• [YOUR TASK] Given the records below, the lines starting at the line with "Pelican Sands Bed" and ending at the line with "1434 Essex St #6 - Photo 4 of 26" should be output exactly, both end lines kept and pictures left out.

• [EXTRACTED ENTRIES]
_____

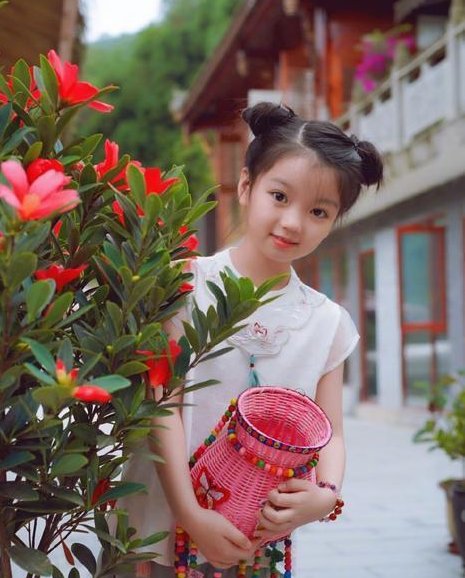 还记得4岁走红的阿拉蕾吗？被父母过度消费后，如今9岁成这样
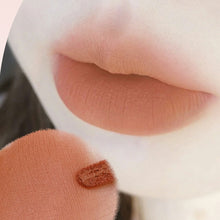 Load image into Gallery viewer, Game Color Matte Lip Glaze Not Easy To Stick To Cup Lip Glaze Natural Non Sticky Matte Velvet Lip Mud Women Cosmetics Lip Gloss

_____

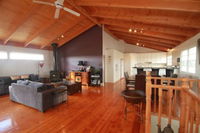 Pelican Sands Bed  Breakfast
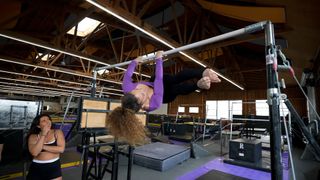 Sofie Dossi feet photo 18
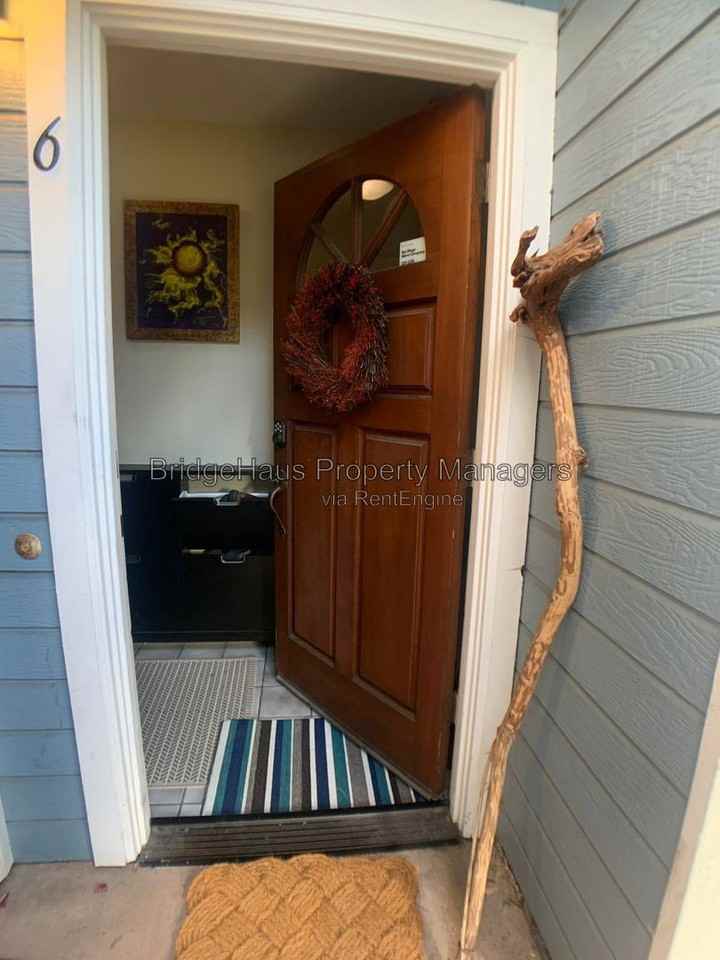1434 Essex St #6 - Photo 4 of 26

_____

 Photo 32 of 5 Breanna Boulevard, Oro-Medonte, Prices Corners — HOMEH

_____

• [EXERCISE ANSWER]
 Pelican Sands Bed  Breakfast
 Sofie Dossi feet photo 18
1434 Essex St #6 - Photo 4 of 26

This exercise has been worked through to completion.